Bloink: The standard for determining who is an investment advice professional should not be conditioned on whether advice is provided to one particular retirement investor on a “regular basis.” Some of the most important advice that retirement investors and small business retirement plan sponsors receive is on a one-off basis. The focus absolutely should be expanded to home in on whether the retirement investor should reasonably expect fiduciary protections to apply — regardless of how frequently the investor interacts with the advisor.
Byrnes: We have to admit that this proposal will have a significant and negative impact on advisors who have been relying on prohibited transaction exemptions for years. The proposed amendments would sharply limit the availability of these exemptions — making it much more difficult for advisors to be compensated fairly for their work without making significant modifications — and, yet again, remembering that this is the third fiduciary standard we’ve seen in less than a decade.
Bloink: Consider the situation where a small business owner is “sold” a retirement plan or an investor is given advice to roll the entire balance of a retirement plan into another account. These are critical pieces of advice, and investors should be able to expect that the advice is in their best interest and subject to fiduciary protections. These are very often some of the most important investment decisions that individuals and small business owners ever make, and they should reasonably expect that fiduciary protections will apply.
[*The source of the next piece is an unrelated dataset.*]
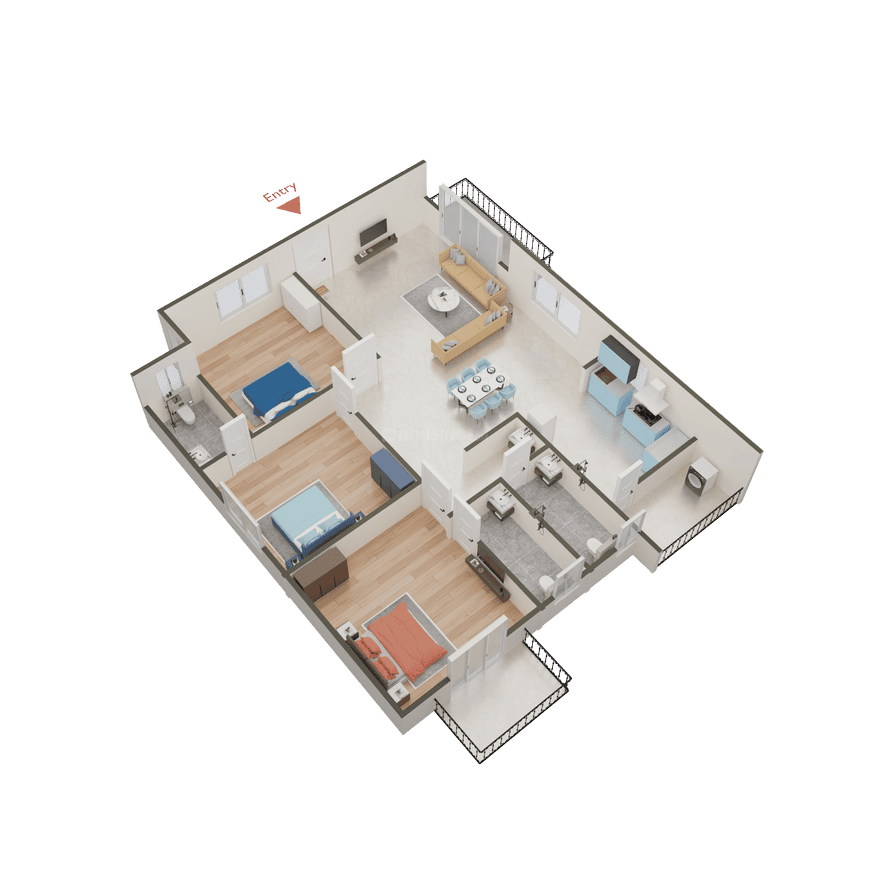 TG Legacy - Image 62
Byrnes: In the end, these proposed changes will result in a system where ordinary, middle-income Americans will lack access to quality investment advice because of the increased costs incurred by advisors. It just won’t be worth it for advisors to take on cases where an individual is looking for quality advice on whether to roll over retirement funds. Because these are the investors who need quality retirement investment advice the most, the new proposed changes will almost certainly have a chilling effect on the retirement savings market.
Bloink: Yes, advisors will likely have to make some modifications to qualify for exemptive relief. However, the bottom line is that the retirement savings industry has changed. The governing law must change along with it — and the most important factor to consider is whether retirement investors are protected from conflicted advice.